Eventually I make my way to the far end of my roof space, the place where the pipe should exit down into my shed. It’s a section that drops down, over the stairwell. I shine the torch down into the void to find the water tank. Except–there is no water tank. There’s nothing. Just rockwool insulation everywhere and a thin layer of plasterboard sloping down over the stairs to an empty space above the front door.
Where is the tank? Where is the pipe? Is it under the rockwool? I’m not putting my hand in to find out. It’s nasty stuff, that glass fibre. Once it’s in your skin, it never comes out. Ever. At least that’s what my dad told me a long time ago, when I was a kid.
I suspect it was to discourage me from going up into the loft.
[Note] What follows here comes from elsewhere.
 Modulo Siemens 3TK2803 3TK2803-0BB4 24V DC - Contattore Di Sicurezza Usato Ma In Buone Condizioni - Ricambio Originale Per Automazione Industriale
Now I’m discouraged by the dark void where the pipe might be and the fragile looking plasterboard which I know is all that would be stopping me plummeting down to my own staircase. Why would someone hide pipes like this? It makes no sense at all.
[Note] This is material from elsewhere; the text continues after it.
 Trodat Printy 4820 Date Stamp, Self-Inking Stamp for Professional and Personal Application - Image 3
I shrug, give up and go back down into the living room where I regard all the boxes. It’s going to fun crushing all those unwanted videotapes over at the dump. It will be a joy to free myself of the baggage of old kettle cartons, crating for light fittings and flattened blueprints of Gotham City stolen from the bins at Shepperton Studios when they filmed Batman. It’s not going to be so much fun paying out for a plumber to sort out the leak.
It will have to wait. I find an original series Star Trek communicator still boxed among all the other crap. Enterprise. One to beam up. I’m moving. I’m gone. Meanwhile the constant stream of stale smelling water dribbles relentlessly beside Gary’s front door.
No. It’s Gary’s pipe. The pipe that goes into my shed is an electrical conduit. The pipe that comes out of the wall and dribbles starts life somewhere under Gary’s bathroom.
It cost me £90 to find this out. That’s the minimum call out charge to get a plumber. He shone a torch in Gary’s shed after failing to find a water tank in my loft.
Gary is cooking me dinner next Thursday and getting the beers in. Meanwhile, I used the plumber’s ladder to empty the rest of the loft. £90. Dinner, beers and a ladder. Whoop.